Saving Brinton

Saving Brinton
Directed by
  • Tommy Haines
  • Andrew Sherburne
Starring Michael Zahs
Music by Michael Kramer
Cinematography [John Richard]
Production
company
Barn Owl Pictures
Release date
  • June 17, 2017 (2017-06-17) (AFI Docs)
  • May 18, 2018 (2018-05-18) (United States)
Running time
87 minutes
Country United States
Language English

Saving Brinton is a 2017 American documentary film about the efforts of Iowa resident Mike Zahs to preserve a large quantity of reels of film from the late 19th and early 20th centuries that he found in the basement of a farm house.[1] It premiered at AFI Docs on June 17, 2017 and internationally at the International Film Festival Rotterdam. It has been hailed as “a cinephile’s delight” of The Hollywood Reporter[2]. It was directed by Tommy Haines and Andrew Sherburne.

Synopsis

In a farmhouse basement on the Iowa countryside, eccentric collector Mike Zahs makes a remarkable discovery: the showreels of the man who brought moving pictures to America’s Heartland. Among the treasures: rare footage of President Teddy Roosevelt, the first moving images from Burma, a lost relic from magical effects godfather Georges Méliés. These are the films that introduced movies to the world. And they didn’t end up in Iowa by accident. The old nitrate reels are just some of the artifacts that belonged to William Franklin Brinton. From thousands of trinkets, handwritten journals, receipts, posters and catalogs emerges the story of an inventive farmboy who became America’s greatest barnstorming movieman. As Mike uncovers this hidden legacy, he begins a journey to restore the Brinton name that takes us to The Library of Congress, Paris and back for a big screen extravaganza in the same small-town movie theater where Frank first turned on a projector over a century ago. By uniting community through a pride in their living history, Mike embodies a welcome antidote to the breakneck pace of our disposable society. "Saving Brinton" is a portrait of this unlikely Midwestern folk hero, at once a meditation on living simply and a celebration of dreaming big.

Reception

Wesley Morris, critic-at-large for The New York Times, calls the film "celebratory. poignant" and that "the average documentary would gawk. This one reclassifies" [3]

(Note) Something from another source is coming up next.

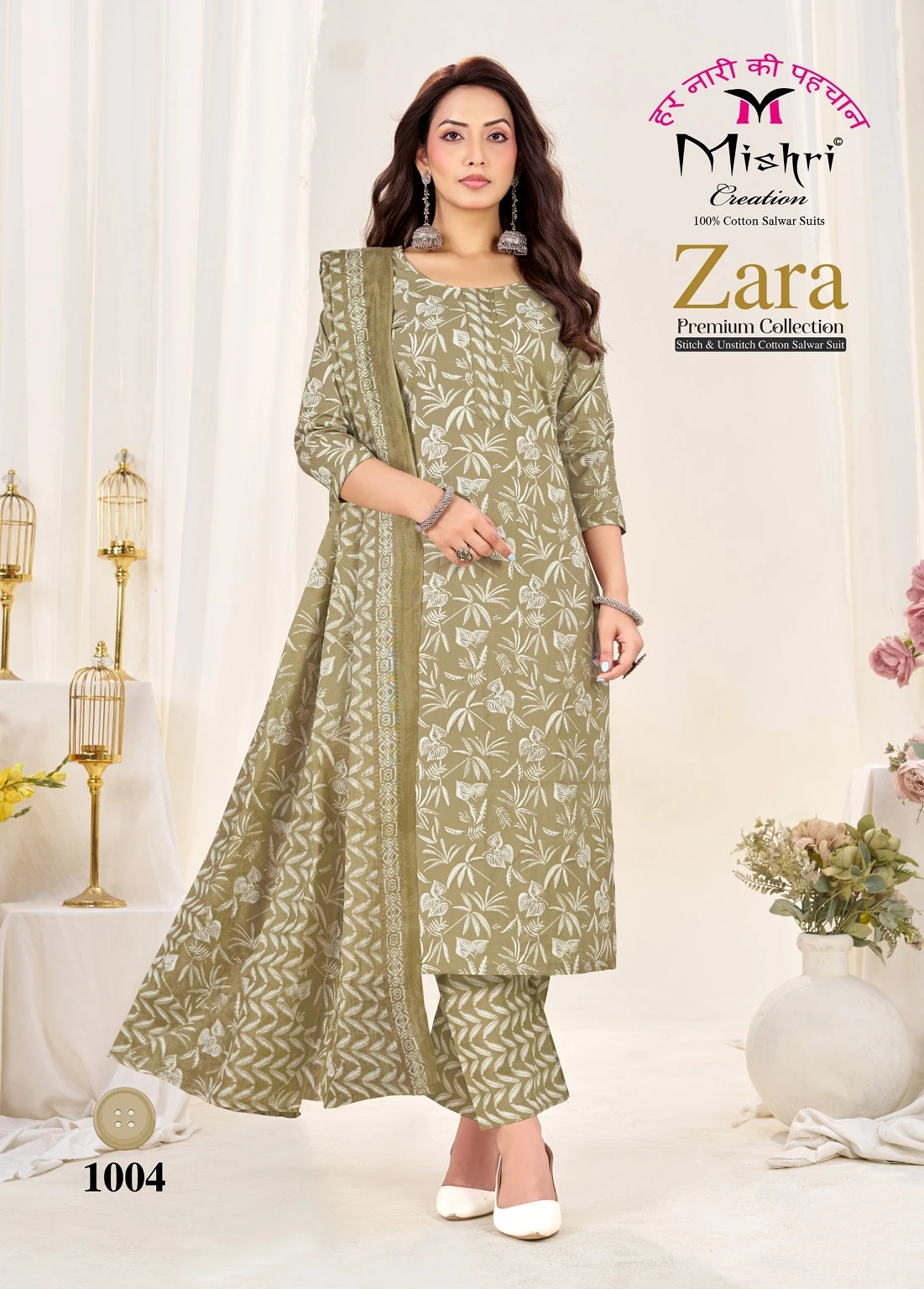 Mishri Zara Vol 1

Pamela Hutchinson of The Guardian depicts the film as an "absorbing, heartwarming tale" and that "there’s genuine warmth to the documentary."[4]

Kenneth Turan of the Los Angeles Times praises the film as "endearing, affectionate" and that "zealots are plentiful in the film history world, but ones as amiable as Zahs are as rare as the movies he doggedly preserved."[5]

The Washington Post's Ann Hornaday describes the film as "an audience favorite at AFI Docs" and as "a revelatory homage not just to film as a constantly evolving art form, but also as a fulcrum for community."[6]

References

  1. Nollen, Diana (September 10, 2017). "'Saving Brinton' documentary captures intersection of 2 men from separate centuries". The Cedar Rapids Gazette. Retrieved April 17, 2018.
  2. "'Saving Brinton': Film Review". The Hollywood Reporter. Retrieved 2018-04-18.
  3. "Review: In 'Saving Brinton,' an Inveterate Accumulator Finds Treasure". The New York Times. Retrieved 2018-05-17.
  4. "'How did some of cinema's greatest films end up in an Iowa shed?". The Guardian. Retrieved 2018-06-22.
  5. "Film exhibition advocates are the stars in affectionate documentary 'Saving Brinton'". The Los Angeles Times. Retrieved 2018-06-08.
  6. "Also Opening". The Washington Post. Retrieved 2018-05-25.